▸ Problem requirements: When you reach the line containing "Робот-чайник с ложкой" in the entries below, begin reproducing lines exactly, and stop once the line containing "Coding All Night" is done.

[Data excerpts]

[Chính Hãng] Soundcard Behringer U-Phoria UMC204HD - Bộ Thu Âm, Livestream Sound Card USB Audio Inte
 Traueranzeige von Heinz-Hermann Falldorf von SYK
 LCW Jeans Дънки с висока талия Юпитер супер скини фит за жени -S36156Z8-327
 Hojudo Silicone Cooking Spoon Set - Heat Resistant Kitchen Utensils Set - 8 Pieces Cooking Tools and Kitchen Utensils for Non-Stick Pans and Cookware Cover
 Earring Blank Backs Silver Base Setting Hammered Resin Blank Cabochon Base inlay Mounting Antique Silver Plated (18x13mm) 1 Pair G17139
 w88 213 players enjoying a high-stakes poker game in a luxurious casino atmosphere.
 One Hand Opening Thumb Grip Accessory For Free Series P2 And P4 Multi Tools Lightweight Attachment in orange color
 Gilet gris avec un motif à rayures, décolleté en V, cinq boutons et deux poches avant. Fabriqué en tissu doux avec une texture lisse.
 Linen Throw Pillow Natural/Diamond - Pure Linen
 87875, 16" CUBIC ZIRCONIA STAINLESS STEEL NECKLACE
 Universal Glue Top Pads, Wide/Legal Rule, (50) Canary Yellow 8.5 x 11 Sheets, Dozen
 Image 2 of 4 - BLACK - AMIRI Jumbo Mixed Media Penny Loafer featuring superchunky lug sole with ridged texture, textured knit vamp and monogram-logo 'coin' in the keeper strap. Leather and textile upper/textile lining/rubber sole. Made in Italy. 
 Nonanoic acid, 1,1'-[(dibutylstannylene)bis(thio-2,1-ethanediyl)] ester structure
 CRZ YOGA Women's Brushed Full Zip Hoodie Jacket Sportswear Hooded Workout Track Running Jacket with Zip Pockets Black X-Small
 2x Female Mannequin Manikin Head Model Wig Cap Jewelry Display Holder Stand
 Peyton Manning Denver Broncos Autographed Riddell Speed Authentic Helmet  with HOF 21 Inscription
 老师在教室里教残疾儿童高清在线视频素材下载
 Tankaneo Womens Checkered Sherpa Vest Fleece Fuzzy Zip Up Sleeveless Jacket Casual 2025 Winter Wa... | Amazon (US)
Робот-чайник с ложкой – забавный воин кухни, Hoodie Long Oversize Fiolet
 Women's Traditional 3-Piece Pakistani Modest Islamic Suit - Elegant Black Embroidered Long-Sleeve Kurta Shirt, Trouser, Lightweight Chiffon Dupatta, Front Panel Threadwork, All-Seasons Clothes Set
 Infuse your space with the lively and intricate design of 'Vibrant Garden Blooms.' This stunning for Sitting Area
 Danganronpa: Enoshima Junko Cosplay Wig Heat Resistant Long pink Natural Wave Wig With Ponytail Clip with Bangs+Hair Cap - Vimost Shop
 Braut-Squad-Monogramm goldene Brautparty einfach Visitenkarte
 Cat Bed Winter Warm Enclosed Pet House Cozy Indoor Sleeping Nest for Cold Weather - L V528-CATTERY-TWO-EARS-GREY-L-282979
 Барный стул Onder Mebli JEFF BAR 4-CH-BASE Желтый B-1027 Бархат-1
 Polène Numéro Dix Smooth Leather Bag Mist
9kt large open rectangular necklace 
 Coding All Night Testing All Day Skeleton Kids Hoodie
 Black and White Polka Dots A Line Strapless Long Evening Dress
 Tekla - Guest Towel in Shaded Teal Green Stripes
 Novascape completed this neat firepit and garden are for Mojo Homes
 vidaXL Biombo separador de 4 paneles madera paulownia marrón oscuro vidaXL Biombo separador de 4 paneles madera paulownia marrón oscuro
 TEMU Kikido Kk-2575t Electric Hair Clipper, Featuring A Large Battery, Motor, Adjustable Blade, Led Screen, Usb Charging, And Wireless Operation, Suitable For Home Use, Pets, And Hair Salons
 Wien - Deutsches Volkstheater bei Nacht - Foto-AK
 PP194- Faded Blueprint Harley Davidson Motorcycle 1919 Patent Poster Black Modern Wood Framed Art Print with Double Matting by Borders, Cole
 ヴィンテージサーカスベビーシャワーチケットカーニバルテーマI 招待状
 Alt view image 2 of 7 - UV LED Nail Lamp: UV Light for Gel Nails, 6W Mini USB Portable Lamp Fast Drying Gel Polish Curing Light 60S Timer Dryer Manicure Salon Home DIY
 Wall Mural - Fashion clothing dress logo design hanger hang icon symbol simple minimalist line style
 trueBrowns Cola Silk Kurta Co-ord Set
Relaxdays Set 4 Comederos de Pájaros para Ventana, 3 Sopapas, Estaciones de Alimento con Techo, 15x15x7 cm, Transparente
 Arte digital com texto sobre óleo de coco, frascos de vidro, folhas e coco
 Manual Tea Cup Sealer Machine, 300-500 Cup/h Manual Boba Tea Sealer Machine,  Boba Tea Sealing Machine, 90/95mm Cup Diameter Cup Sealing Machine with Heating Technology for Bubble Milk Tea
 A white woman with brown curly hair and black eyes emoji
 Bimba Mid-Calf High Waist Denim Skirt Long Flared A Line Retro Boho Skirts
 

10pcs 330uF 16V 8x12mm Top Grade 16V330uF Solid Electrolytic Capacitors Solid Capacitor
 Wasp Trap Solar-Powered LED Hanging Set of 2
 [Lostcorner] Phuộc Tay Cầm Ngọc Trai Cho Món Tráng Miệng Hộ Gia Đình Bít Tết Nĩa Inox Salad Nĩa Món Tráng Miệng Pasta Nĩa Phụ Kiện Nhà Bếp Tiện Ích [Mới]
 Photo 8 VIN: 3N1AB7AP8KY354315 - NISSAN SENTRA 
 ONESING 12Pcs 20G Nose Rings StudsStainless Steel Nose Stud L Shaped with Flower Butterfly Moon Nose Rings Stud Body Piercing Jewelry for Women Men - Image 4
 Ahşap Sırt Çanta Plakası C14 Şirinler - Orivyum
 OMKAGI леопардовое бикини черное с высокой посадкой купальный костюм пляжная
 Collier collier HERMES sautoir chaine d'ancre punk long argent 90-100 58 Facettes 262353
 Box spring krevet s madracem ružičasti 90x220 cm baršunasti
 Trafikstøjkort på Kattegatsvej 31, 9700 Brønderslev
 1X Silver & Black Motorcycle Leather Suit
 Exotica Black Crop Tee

▸ Expected answer:
Робот-чайник с ложкой – забавный воин кухни, Hoodie Long Oversize Fiolet
 Women's Traditional 3-Piece Pakistani Modest Islamic Suit - Elegant Black Embroidered Long-Sleeve Kurta Shirt, Trouser, Lightweight Chiffon Dupatta, Front Panel Threadwork, All-Seasons Clothes Set
 Infuse your space with the lively and intricate design of 'Vibrant Garden Blooms.' This stunning for Sitting Area
 Danganronpa: Enoshima Junko Cosplay Wig Heat Resistant Long pink Natural Wave Wig With Ponytail Clip with Bangs+Hair Cap - Vimost Shop
 Braut-Squad-Monogramm goldene Brautparty einfach Visitenkarte
 Cat Bed Winter Warm Enclosed Pet House Cozy Indoor Sleeping Nest for Cold Weather - L V528-CATTERY-TWO-EARS-GREY-L-282979
 Барный стул Onder Mebli JEFF BAR 4-CH-BASE Желтый B-1027 Бархат-1
 Polène Numéro Dix Smooth Leather Bag Mist
9kt large open rectangular necklace 
 Coding All Night Testing All Day Skeleton Kids Hoodie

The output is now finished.